**What to work on:** Your answer must match the records word for word and contain no pictures.

*** Opening of Dataset records ***

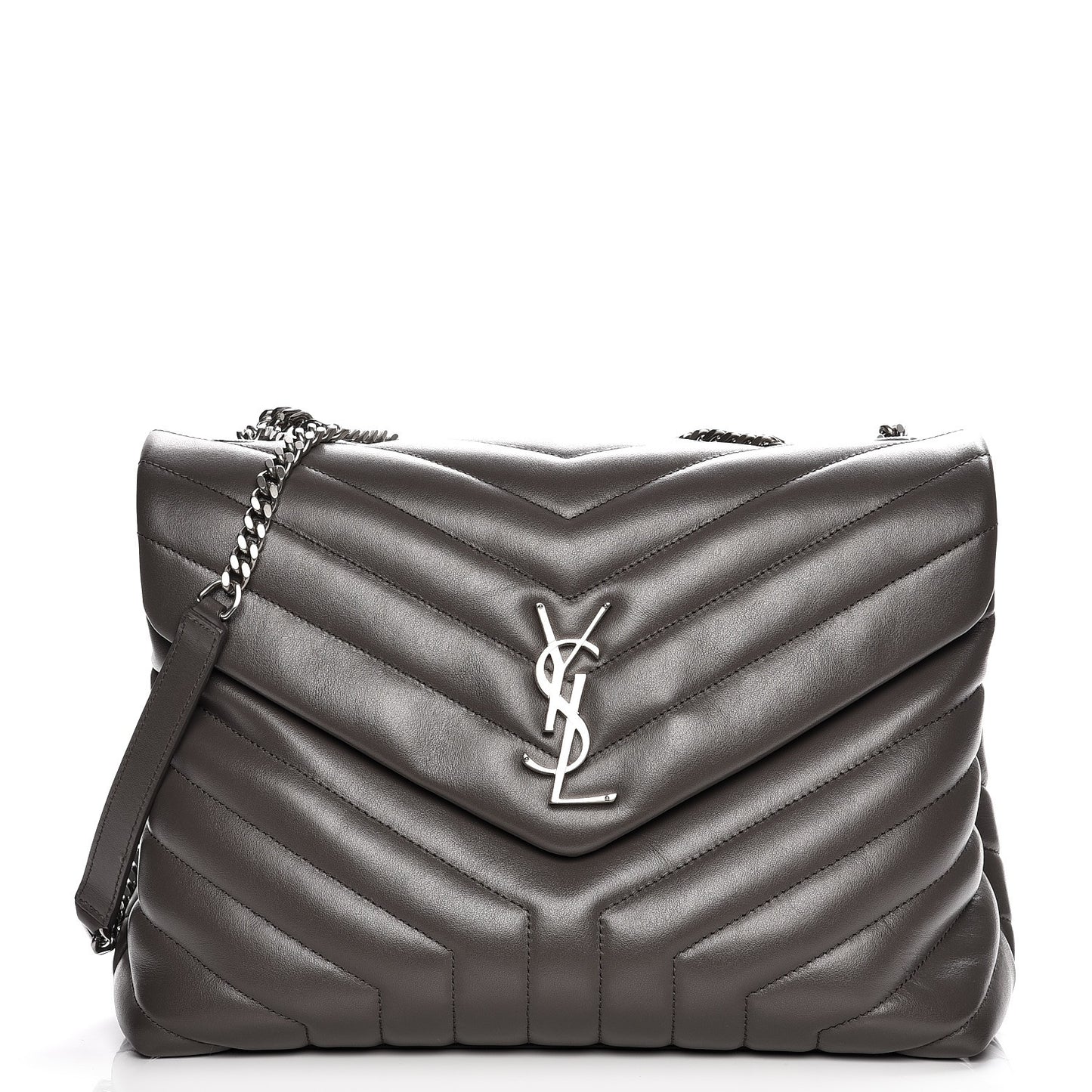 Calfskin Y Quilted Monogram Medium Loulou Chain Satchel Earth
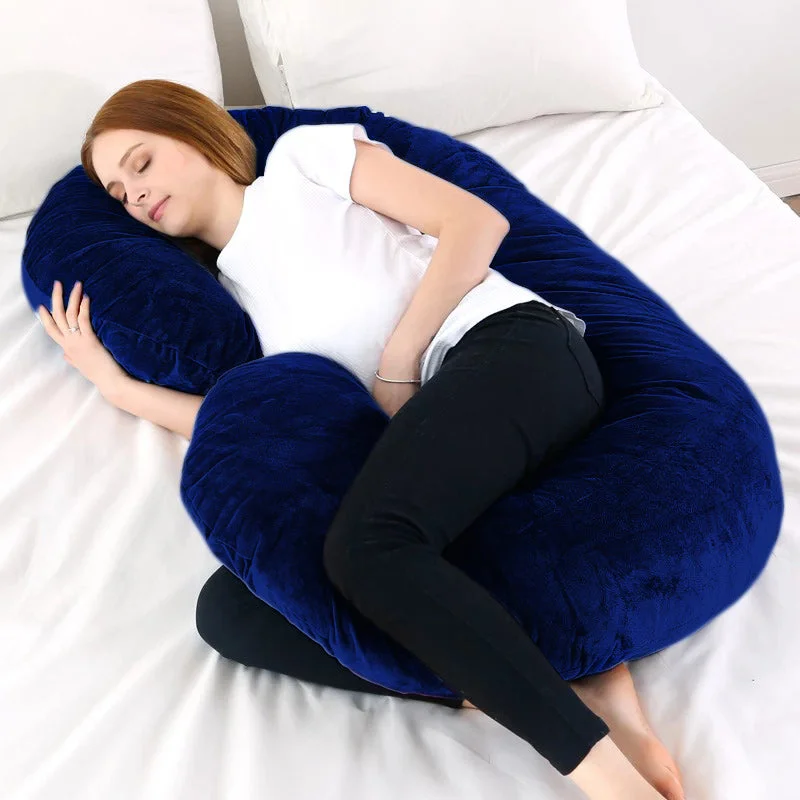 Lumbar Support Pillows for Car SeatsC Shape Velvet Stuff Pregnancy Pillow / Sleeping Support Pillow in Royal Blue Color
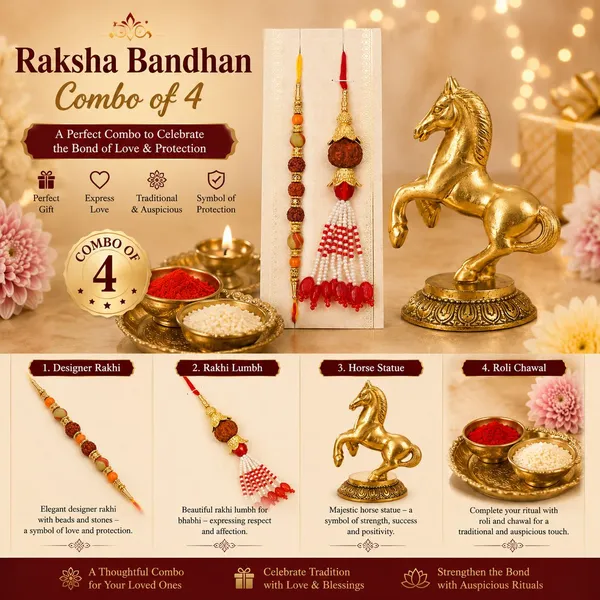 Chhariya_Crafts_Bhaiya_Bhabhi_Bhaiya_Bhabhi_Rakhi_Combo_Gift_Set_Assorted,_Gold,_Gold_Finish,_Jute,_Kundan,_Mauli_Thread,_Pearl,_Yarn_Rakhi,_Chawal_Roli_Pack,_Showpiece,_Lumba__Set_(1_Horse_Showpieces,_1_Chawal_Roli_Pack,_1_Designer_Lumba,_1_Designer_Rakhi)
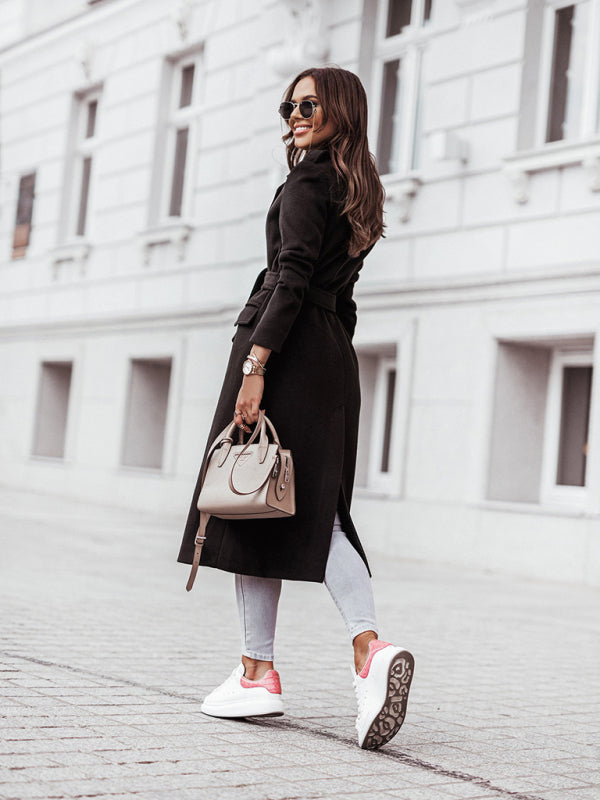 simple long sleeved V-neck tie jacket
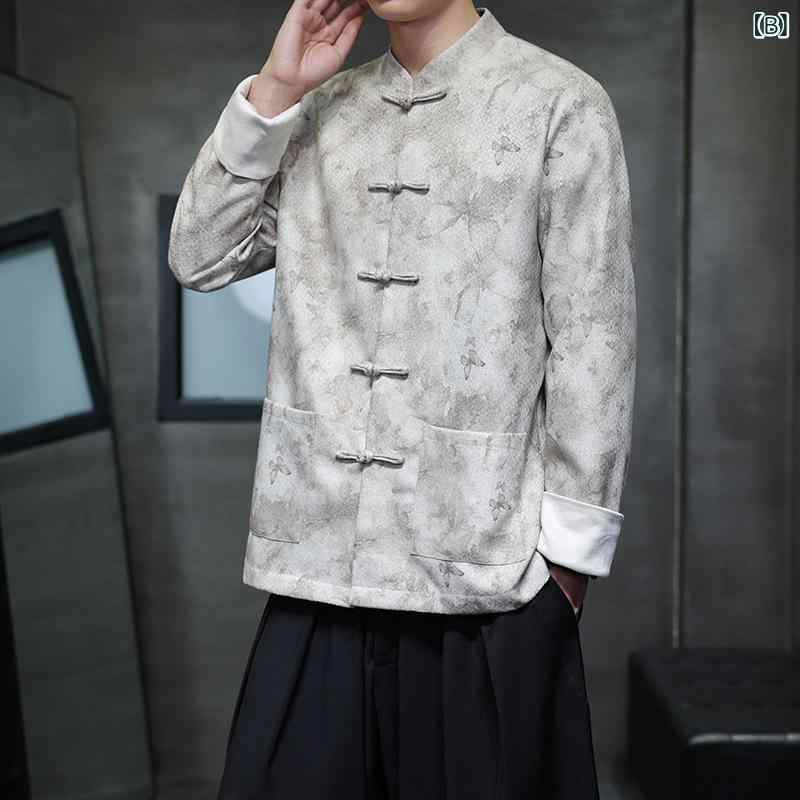 アウター メンズ 中国風 唐装 漢服 ジャケット ゆったり 大きいサイズ ビッグシルエット レトロ スタンドカラー 盤釦 秋冬 ポリエステル カジュアル 普段使い ブラック カーキ ライトグレー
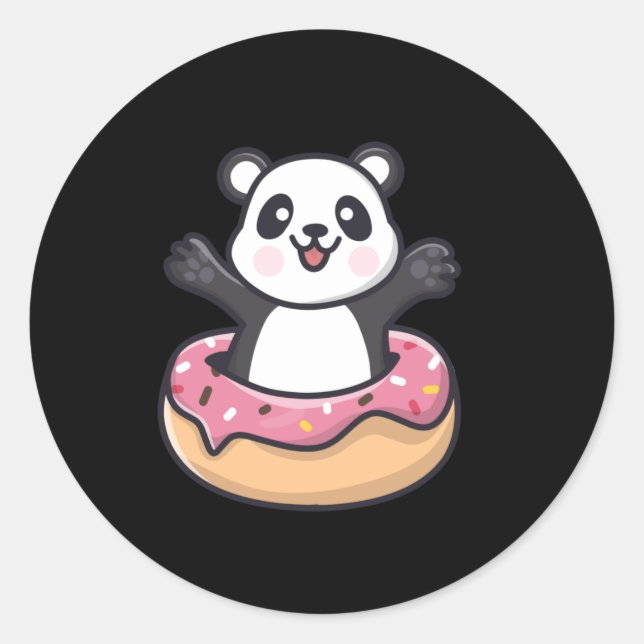 Adesivo Redondo Panda Bonita Saindo De Uma Rosquinha (Frente)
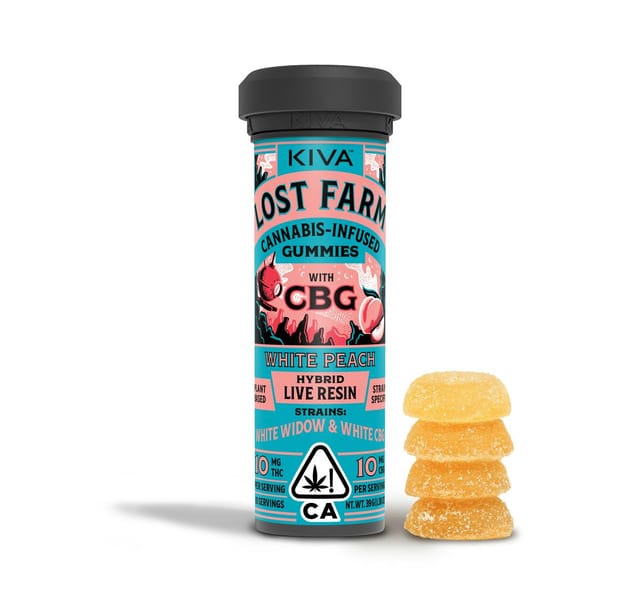 White Peach x White Widow x White CBG - Lost Farm Gummies - White Peach x White Widow x White (H)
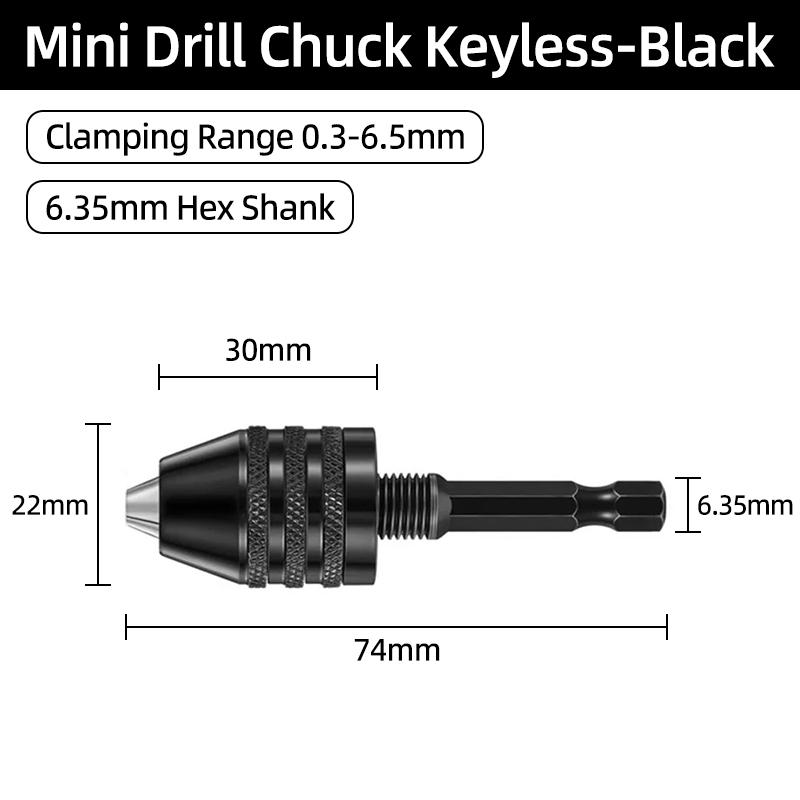 Mini Keyless Chuck Quick Change Electric Drill Bits Collet Converter Extension Screwdriver Chucks Adapter Fixture 1/4" Hex Shank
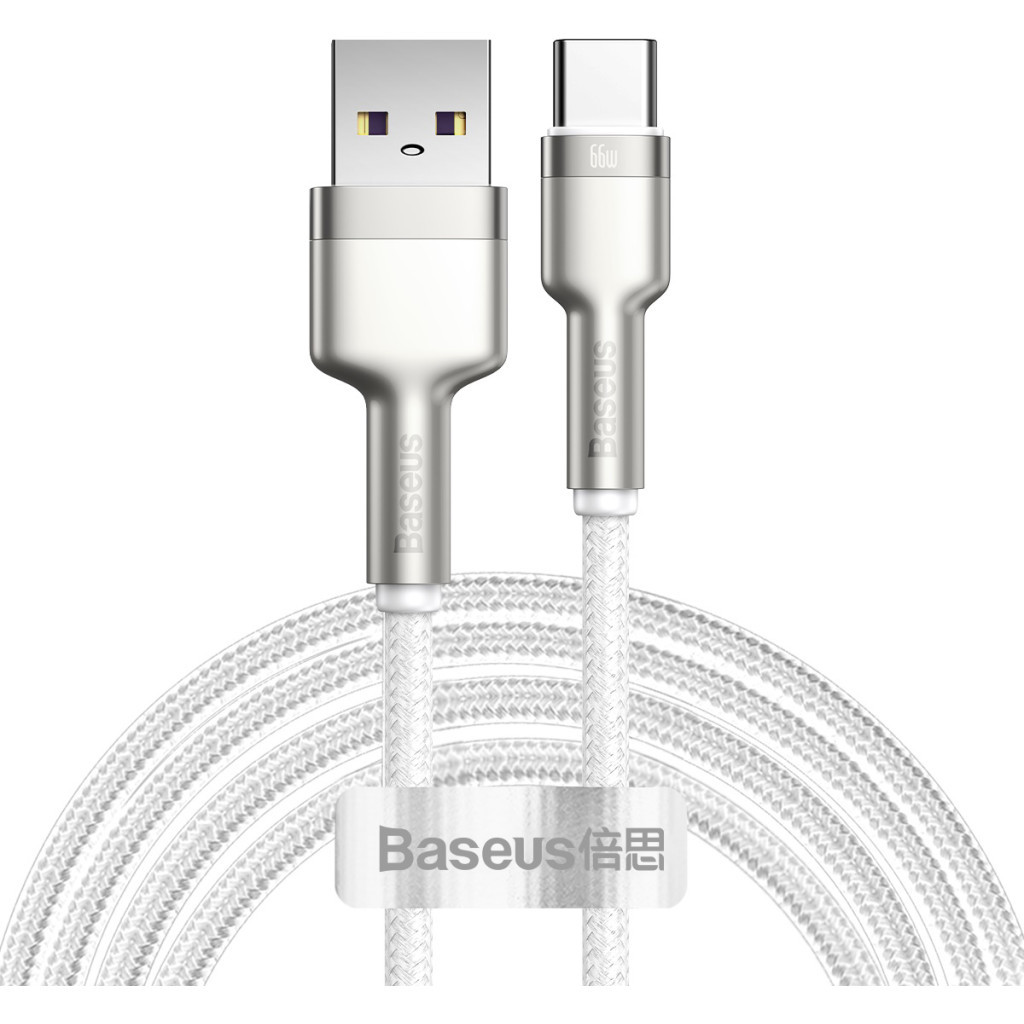 Дата кабель USB 3.1 AM to USB-C 2.0m 6.0A 66W Cafule Series Metal White Baseus (CAKF000202) - зображення 1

*** Close of Dataset records ***

**Written answer:**
 Calfskin Y Quilted Monogram Medium Loulou Chain Satchel Earth
 Lumbar Support Pillows for Car SeatsC Shape Velvet Stuff Pregnancy Pillow / Sleeping Support Pillow in Royal Blue Color
 Chhariya_Crafts_Bhaiya_Bhabhi_Bhaiya_Bhabhi_Rakhi_Combo_Gift_Set_Assorted,_Gold,_Gold_Finish,_Jute,_Kundan,_Mauli_Thread,_Pearl,_Yarn_Rakhi,_Chawal_Roli_Pack,_Showpiece,_Lumba__Set_(1_Horse_Showpieces,_1_Chawal_Roli_Pack,_1_Designer_Lumba,_1_Designer_Rakhi)
 simple long sleeved V-neck tie jacket
 アウター メンズ 中国風 唐装 漢服 ジャケット ゆったり 大きいサイズ ビッグシルエット レトロ スタンドカラー 盤釦 秋冬 ポリエステル カジュアル 普段使い ブラック カーキ ライトグレー
 Adesivo Redondo Panda Bonita Saindo De Uma Rosquinha (Frente)
 White Peach x White Widow x White CBG - Lost Farm Gummies - White Peach x White Widow x White (H)
 Mini Keyless Chuck Quick Change Electric Drill Bits Collet Converter Extension Screwdriver Chucks Adapter Fixture 1/4" Hex Shank
 Дата кабель USB 3.1 AM to USB-C 2.0m 6.0A 66W Cafule Series Metal White Baseus (CAKF000202) - зображення 1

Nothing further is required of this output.